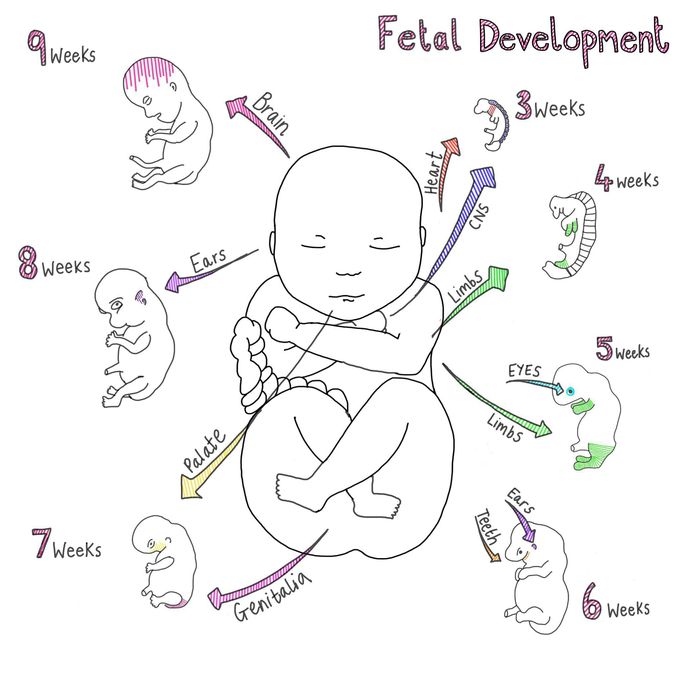 Fetal Development First Trimester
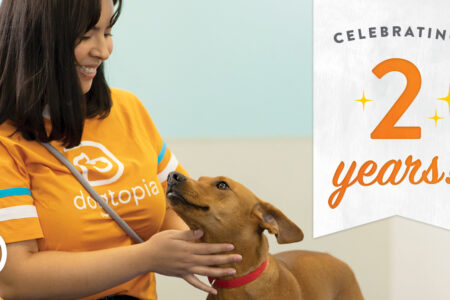 Dogtopia of Woodbury celebrating 2 Yeat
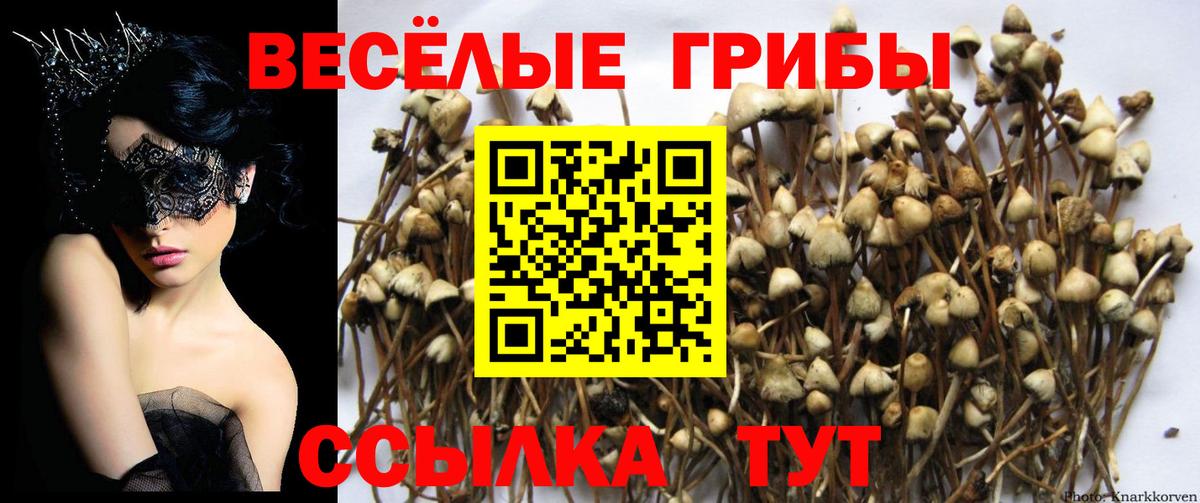 Псилоцибиновые грибы Psilocybine cubensis  Вход с VPN  Нижнекамск  Псилоцибиновые грибы Psilocybe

■ Problem to solve:
Return the listing above word for word, with the pictures removed.

■ Output of the exercise:
 Fetal Development First Trimester
 Dogtopia of Woodbury celebrating 2 Yeat
 Псилоцибиновые грибы Psilocybine cubensis  Вход с VPN  Нижнекамск  Псилоцибиновые грибы Psilocybe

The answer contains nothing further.